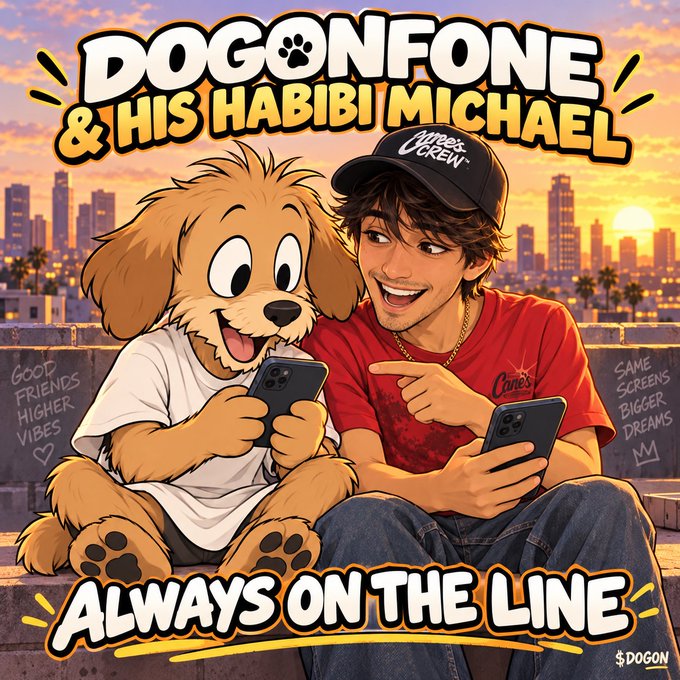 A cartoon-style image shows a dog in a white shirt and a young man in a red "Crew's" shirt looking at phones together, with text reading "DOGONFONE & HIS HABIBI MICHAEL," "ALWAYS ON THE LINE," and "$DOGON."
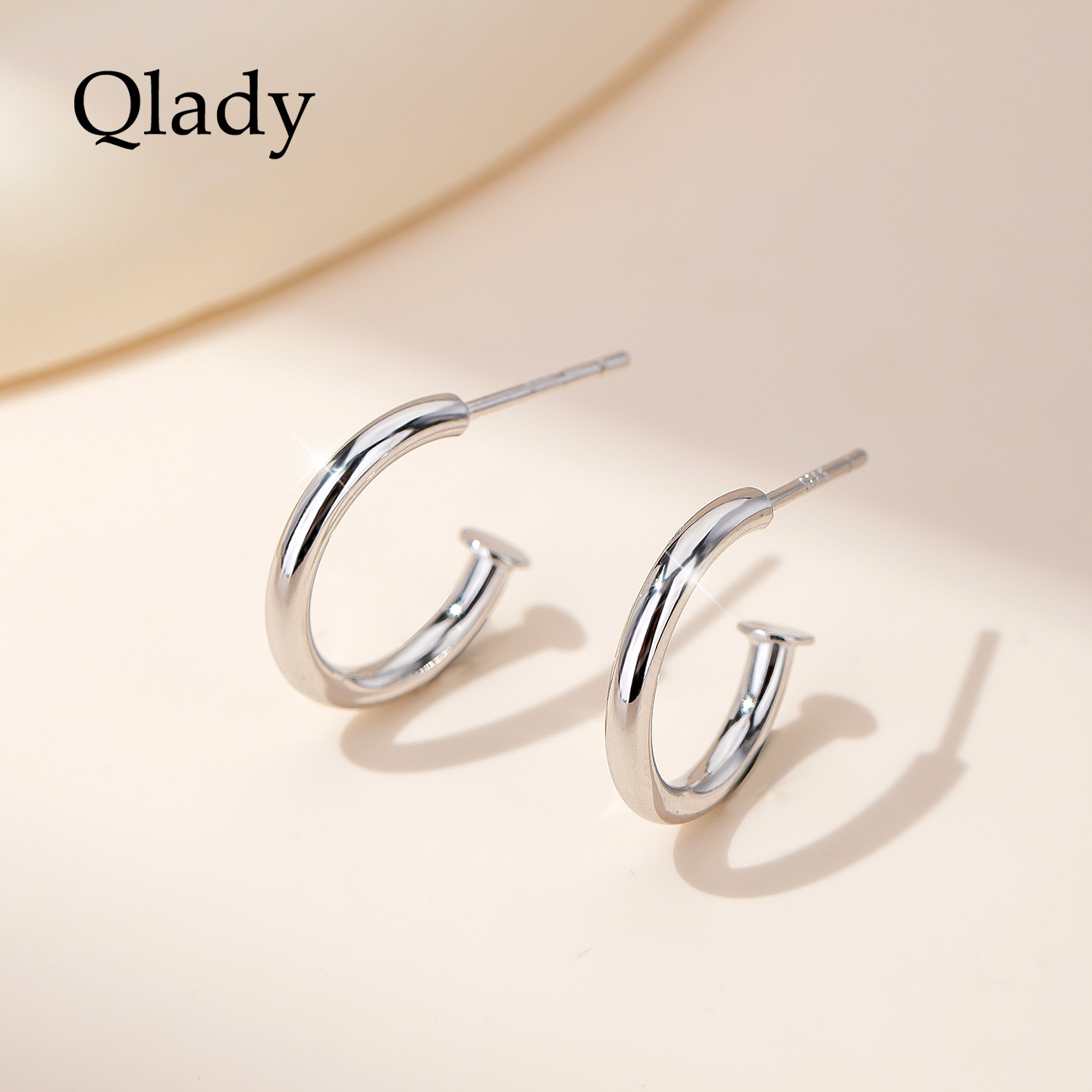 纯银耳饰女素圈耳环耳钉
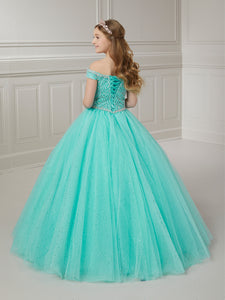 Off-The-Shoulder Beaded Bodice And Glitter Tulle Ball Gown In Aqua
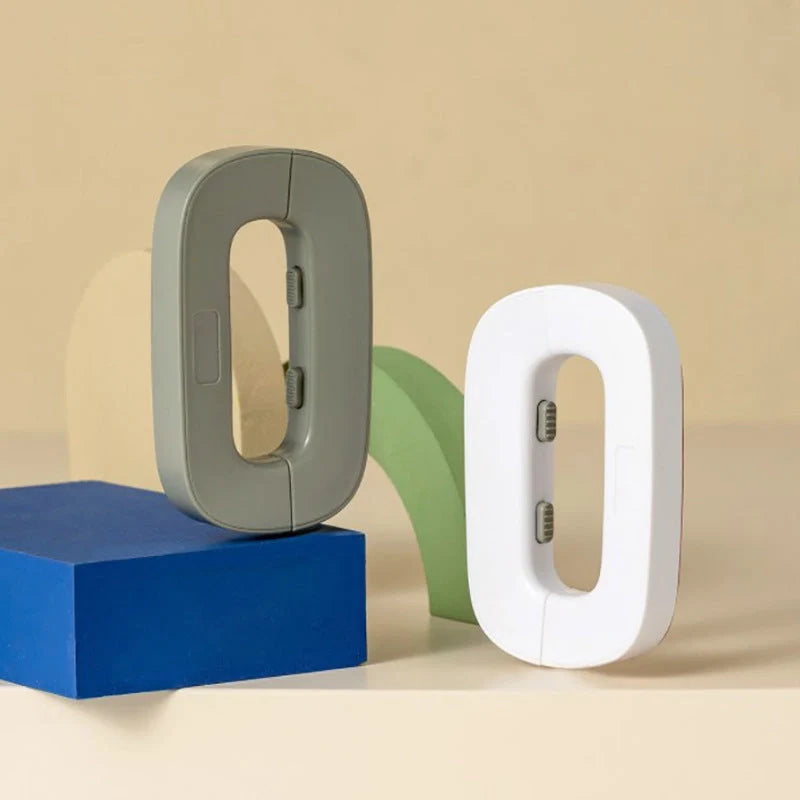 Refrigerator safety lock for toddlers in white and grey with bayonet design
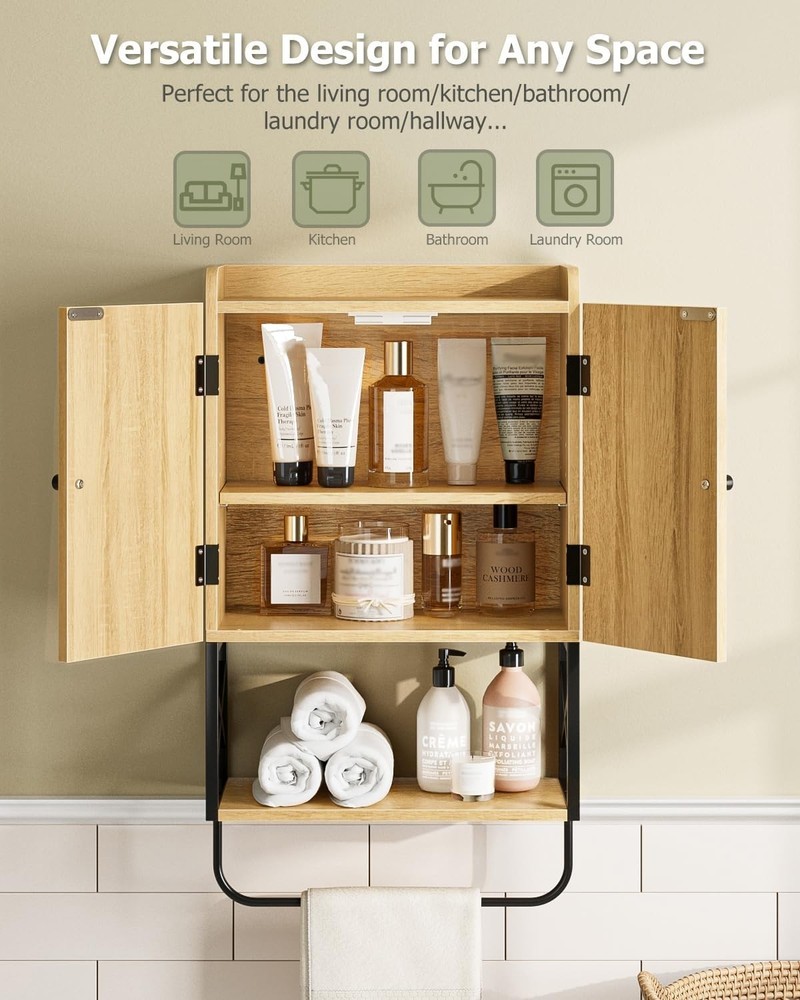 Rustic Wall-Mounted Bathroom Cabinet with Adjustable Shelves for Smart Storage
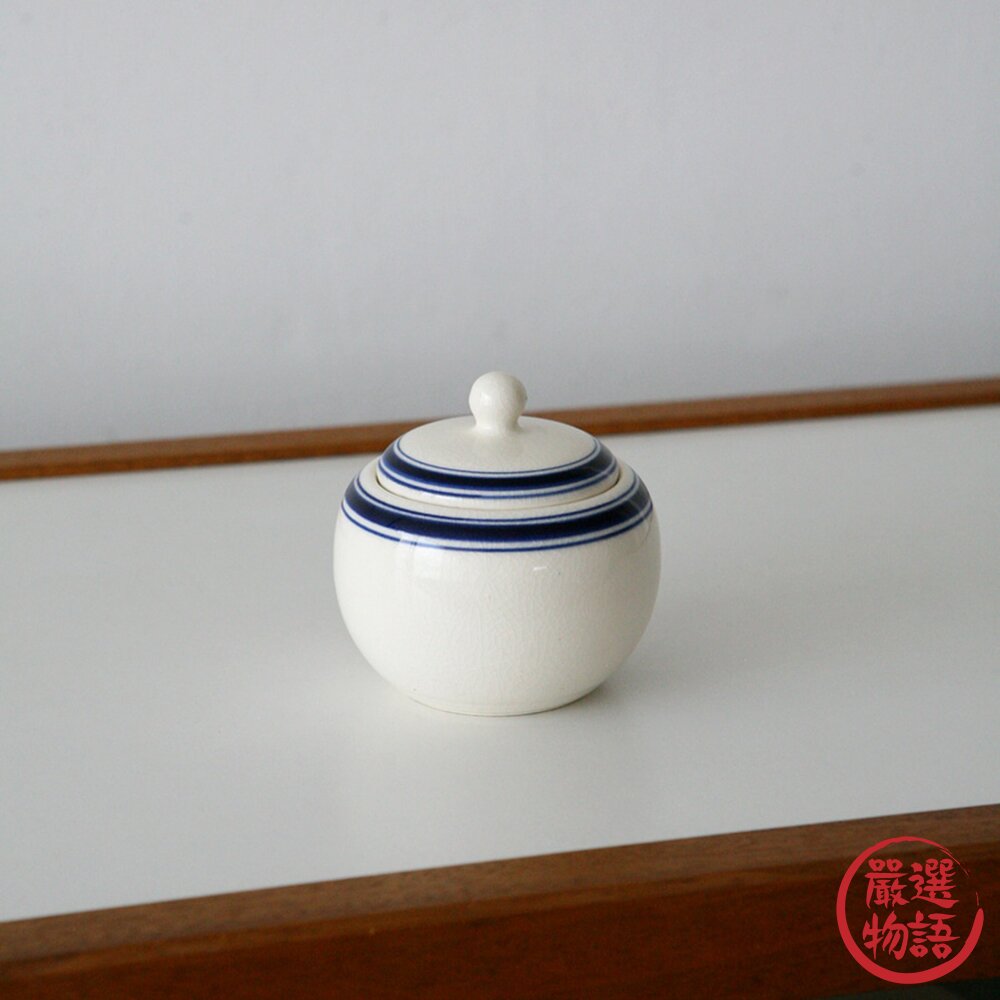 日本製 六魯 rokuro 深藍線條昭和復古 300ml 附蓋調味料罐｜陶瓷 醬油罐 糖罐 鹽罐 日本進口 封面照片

+++++

**What you have to do**
The records above must be repeated exactly, minus their pictures.

**Reply**
 A cartoon-style image shows a dog in a white shirt and a young man in a red "Crew's" shirt looking at phones together, with text reading "DOGONFONE & HIS HABIBI MICHAEL," "ALWAYS ON THE LINE," and "$DOGON."
 纯银耳饰女素圈耳环耳钉
 Off-The-Shoulder Beaded Bodice And Glitter Tulle Ball Gown In Aqua
 Refrigerator safety lock for toddlers in white and grey with bayonet design
 Rustic Wall-Mounted Bathroom Cabinet with Adjustable Shelves for Smart Storage
 日本製 六魯 rokuro 深藍線條昭和復古 300ml 附蓋調味料罐｜陶瓷 醬油罐 糖罐 鹽罐 日本進口 封面照片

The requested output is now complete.